Discussion of Fox & Friends, “Bayesian Structure Learning for Stationary Time Series”


Last week in lab meeting I discussed a paper from Emily Fox’s group [TFF15], Bayesian Structure Learning for Stationary Time Series.

If you’ve read Carvalho and Scott’s paper on Bayesian inference for graphical models [CS09], then you’ll find [TFF15] a natural extension to [CS09] and reading the latter is surely the best way to get your head wrapped around the former.

From my view [TFF15] makes 2 main contributions:
1) Formulating the graph inference problem in terms of time series by borrowing from [CS09]
2) Formulating the problem in the Fourier domain, making the problem tractable.

On the way to making the problem properly specified, [TFF15] introduced a new conjugate prior on complex normal distributions defined on graphs, the hyper- complex inverse Wishart distribution.

To give you a little background, [CS09] used an algorithm (FINCS, originally developed in [CS08]) for inferring a undirected graph that defines conditional dependence between random variables when

  1. variables are Gaussian distributed
  2. observations are independent
  3. the admissible graphs are “decomposable,” which mean that the graph can be unambiguously described by a bunch of cliques and their intersecting nodes (called “separators”).

Solving the problem in these terms provides some convenient simplifications.

The first simplification, owing to the variables being Gaussian, is a well-known result by Dempster [Demp72],

Suppose X = (X_1,\dots,X_p)^T\sim \mathcal{N}(0,\Sigma), and Z_{ij}\equiv \{\text{all } X_k, k\in (1,\dots,p)| k\neq i,j\}. Then [\Sigma]_{ij}^{-1} = 0 implies P(X_i,X_j|Z_{ij})=P(X_i|Z_{ij})P(X_j|Z_{ij}).

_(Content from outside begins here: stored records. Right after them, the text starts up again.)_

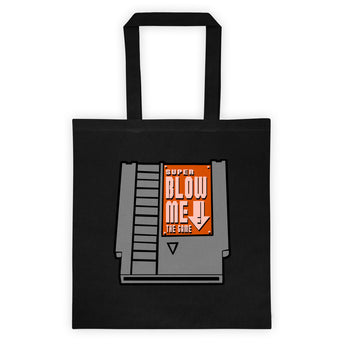 Super Blow Me Nintendo Cartridge Advice Double Sided Print Tote Bag + House Of HaHa Best Cool Funniest Funny Gifts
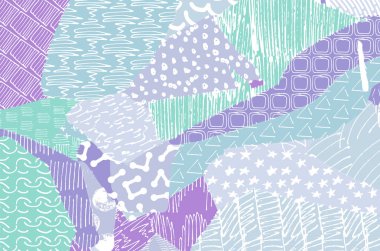 Soyut siyah darbeler, El, Vektör Deseni 'ni çizdi. Geometrik tarzda soyut arkaplan. Soyut çok renkli geometrik desen.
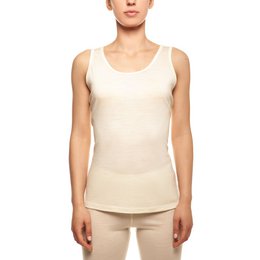 2-delige set 160 Merino-dames, mouwloos boven- en onderstuk naturel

In other words, X_i and X_j are independent, conditionally on all other variables, when the inverse covariance matrix has a 0 in the i,j^\text{th} element. Thus, the problem of evaluating the likelihood of a graph becomes the problem of evaluating the likelihood of a covariance that satisfies the corresponding pattern of 0’s in \Sigma^{-1}.

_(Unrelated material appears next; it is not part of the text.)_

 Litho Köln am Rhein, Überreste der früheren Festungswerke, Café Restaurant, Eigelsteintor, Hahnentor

The simplification relies upon the restriction of searching over decomposable graphs on more way than one. Not only does FINCS relyupon this assumption but decomposability provides for a convenient factorization of the prior. Conditioned on the graph G, the prior can be decomposed in terms of cliques \mathcal{C} and separators \mathcal{S}:

p(\Sigma|G) = \frac{\prod_{C\in\mathcal{C}}p(\Sigma_C|\delta,W_C)}{\prod_{S\in\mathcal{S}}p(\Sigma_S|delta,W_S)},

where (b, D) are the parameters of the hyper- inverse Wishart distribution; the conjugate prior for the covariance parameters of a Gaussian distribution that obeys the conditional independence laws defined by the graph. This dramatically reduces the complexity since operations need only be performed on covariance matrices that are the size of the cliques and separators, and not on the full dimensionality of the observations.

The snag that kept [TFF15] from using [CS09] more or less out of the box is that time series do not have independent observations, except in the trivial case (negating any simplification afforded by assumption (2), in the above list).  Thus, the likelihood over times series does not factorize over observations, thereby requiring us to contend with potentially very large covariance matrices. The key insight that [TFF15] made is that moving to the Fourier domain allowed them to make use of the Whittle approximation, which states that Fourier coefficients of stationary times series are asymptotically independent. This is a clever trick that allowed [TFF15] to operate as if the observations d (now indexed by frequency rather than time) were independent. The one wrinkle is that the observations were now complex.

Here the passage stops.